Pre-launch boat check, seat fit, rudder deployment, first pedal with the indexer set, and sit-stand transitions — the new-owner checklist for a clean first paddle on an Outpost 100, Outpost 128, or Terra 116.

Got your new Outpost 100, Outpost 128, or Terra 116 home and you're heading to the water. Here's the pre-launch checklist that bridges the gap between "unboxed" and "fishing confidently." Run through it the night before and you won't be the person fumbling at the ramp.

The night before

1. Drain plug — installed?

Sounds obvious; lots of new owners launch without it. The drain plug is small, easy to forget after a hull check, and the consequences are immediate (water inside the hull). Confirm it's seated and snug before you load the boat.

2. Rudder — installed and deployable?

The rudder mounts to the center Power-Pole bolt pattern on the stern (default). Confirm:

  • Pivot bolt is tight at the Power-Pole bracket
  • Steering cables are clipped to the rudder pivot points
  • Pull-up / deploy cord routes forward to within reach of the cockpit
  • The blade swings freely left/right when you press the foot pedals

If the rudder is missing from the box (this was a known issue on some Terra / Outpost first-run kits), file the claims form — we ship a free replacement kit direct from our TN warehouse.

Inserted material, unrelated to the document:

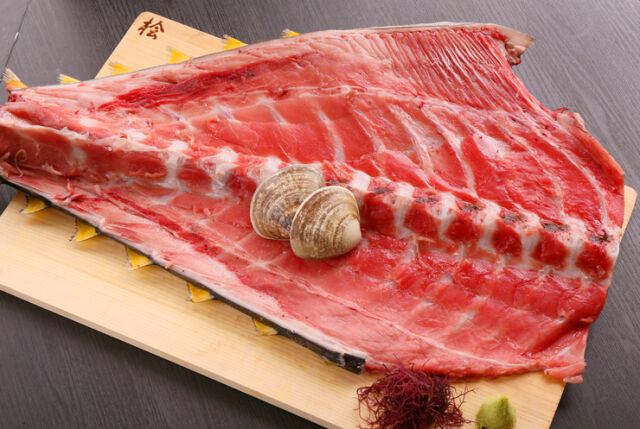 包廂×生魚片×爐端燒　Marukatsu小樽水産 cuisine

3. Pedal drive — locked in the hull?

If you bundled the Traverse Pedal Drive:

  • Drop the drive into the molded socket
  • Confirm it seats fully (no gap at the head)
  • Lock the drive via its retention mechanism
  • Don't pedal yet — that's a water test

4. Seat — clipped in and centered?

The Horizon Pro Seat has fore/aft adjustment and recline. Set both to a middle position for the first paddle. You'll tune it on the water once you know what you want.

5. Foot pedals (Slide Lock braces) — sized to your legs?

Set the Slide Lock foot braces to fit your leg length. You should be able to fully press both pedals with a slight bend in the knee — not straight-legged, not knees-up-to-your-chest. Lock them in position.

6. Hardware once-over

Quick walk around the boat checking that any accessory you added (rod holders, mounts, etc.) is fully tightened. Vibration loosens hardware over a hot drive day.

At the ramp

1. Unload — bunk cart or two-person carry

If you have a YakAttack TowNStow bunkster cart, this is its moment. Strap the boat to the cart, wheel to the water. If you're solo without a cart, plan a two-stage carry or a trailer to bunk-style ramp setup.

Avoid top-loaded landing-gear style carts (Boonedox, Wilderness Freedom Launcher, Sidekick). They suspend the hull weight from the gunwales and gear tracks, which damages the boat. We don't warranty that damage.

2. Load gear before launching

Easier to load on dry ground than from the water. Set the boat parallel to the shore, load tackle, rods, drinks, electronics, and any drybags before you slide it in.

On the water

1. Sit-paddle launch

Get into the boat seated. Paddle out a short distance into open water before deploying the rudder or pedal drive. Get a feel for hull balance with your gear loaded.

2. Deploy the rudder

Pull the deploy cord. The blade drops into the water behind the boat. Test foot-steering — press left, the boat turns left; press right, the boat turns right. Test hand-steering — turn the handle, the rudder responds.

If anything binds or feels rough, that's a known issue on some early steering handles. File the claims form and we'll swap it.

3. Set the indexer and start pedaling

With the boat in open water:

  • Drop the prop into the engaged position
  • Pedal forward gently for the first 30 seconds — the indexer should set, the prop should spin smoothly
  • Ramp up cadence and watch for any unusual sound or vibration

The prop should sit vertical when the indexer is engaged. If you can see the prop sitting at 45° when locked, that's the indexer alignment defect — stop pedaling, take a photo, file the claims form. See Troubleshooting your Traverse Pedal Drive.

4. Try reverse

Spin the cranks the other direction. The drive should respond instantly — no lag, no clunk. This is one of the headline features. Use it.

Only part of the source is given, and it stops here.